OH, THE FINALS WEEK ORGY

Among the gifts I received at Christmas was a tablet laptop, with the expectation I’d be using especially for Kindle editions – including my own ebooks.

But so far what I’ve really appreciated is its ability to stream music.

For me, that’s meant Q2’s New Sounds and Operavore from WQXR in New York and WHRB from Harvard University in Cambridge.

With solid jazz from 5 a.m. till 1 p.m. and some adventurous classical continuing till 10 p.m., plus the Metropolitan Opera on Saturday afternoons and another opera on Sunday night, my listening is mostly on the Harvard station. Admittedly, the student announcers can be unintentionally amusing in their pronunciations and amateurish touches, but I usually find that more amusing than annoying.

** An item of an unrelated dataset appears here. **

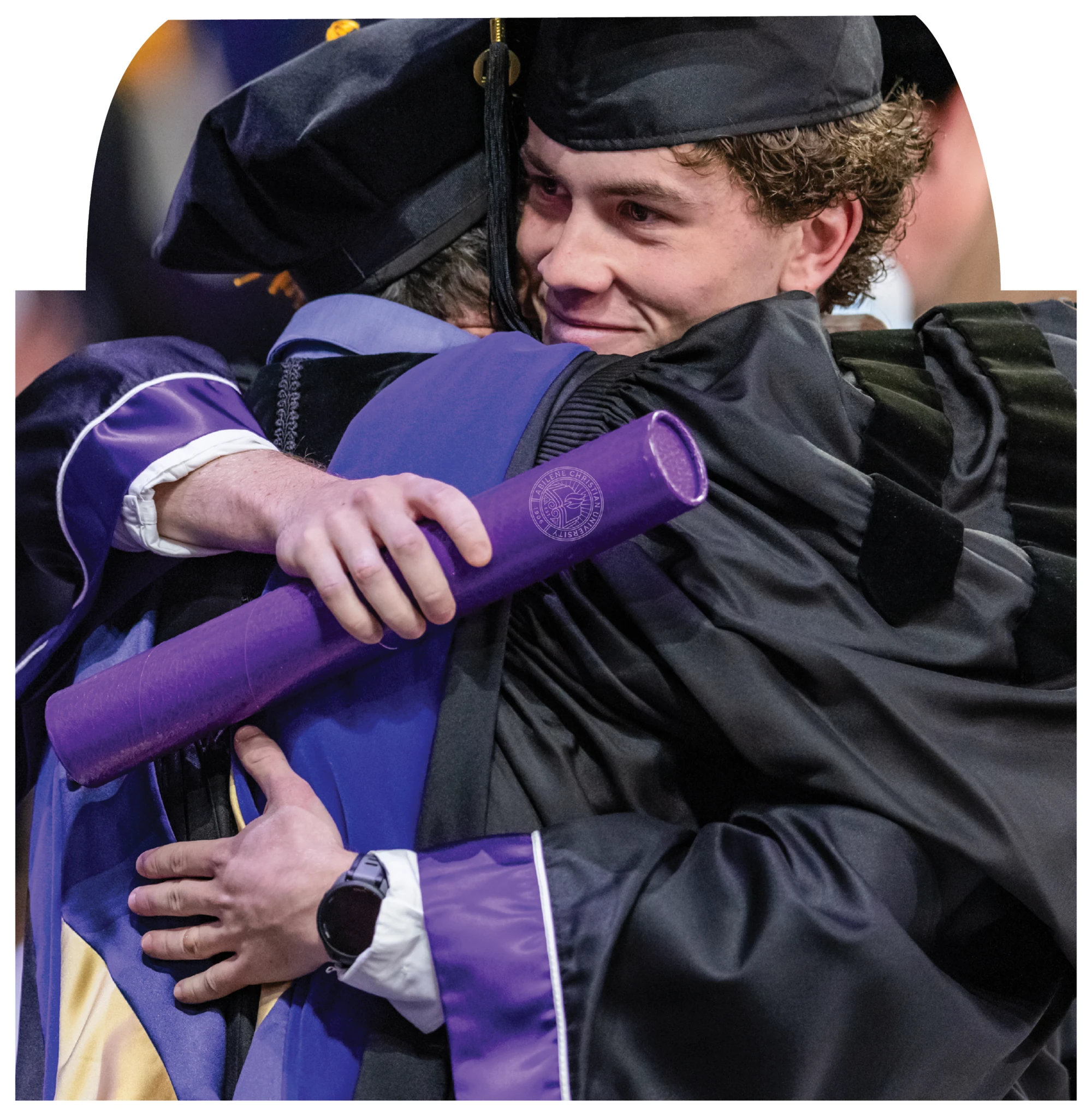 Graduate in academic regalia hugs another person after commencement.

This spring, though, I finally got to experience an amazing tradition on the station – the finals week Orgy, when the regular programming is set aside for in-depth presentations of specific composers or performers.

This one, for example, celebrated the 100th anniversary of Leonard Bernstein’s birth by presenting just about all of his compositions that have been recorded – some from his high school years – as well as a hefty slice of works under his baton and the aural portion of his televised Young People’s concerts, one a day – over a five-day span. There was also an insightful Florence Price orgy, and a Rossini opera every noontime in observance of the 150th anniversary of his death.

There was also a presentation of the entire discography of jazz pianist Fred Hersch, an Overshadowed round on outstanding composers or performers who are less famous than others in their family (conductor Paavo Jarvi got good play with the Cincinnati Symphony), the complete recorded works of Edvard Grieg in celebration of his 175th birthday. Quite simply, I’m looking at all of them in a much broader and appreciative light now.

It’s not all classical, either, not by a long shot. One fascinating series was titled “Why Does Everybody Hate Disco?” while another, reflecting an inclination for some truly arcane indulgences, was “Yang Haisong and the Chinese Indie Scene.” There was much, much more.

Quite simply, I’m left wondering why more radio stations don’t go in for this kind of excess more often. It’s exciting – and, yes, it can also be satiating, boring, or too much, just as I suppose a Roman orgy would be – but, my, I found myself carrying that tablet with me through my chores around the house. I anticipated what was coming up, rather than expecting more of the same as you find on most cookie-cutter programming.

So what are you listening to? And why? Any recommendations, especially when it comes to streaming? We’re all ears.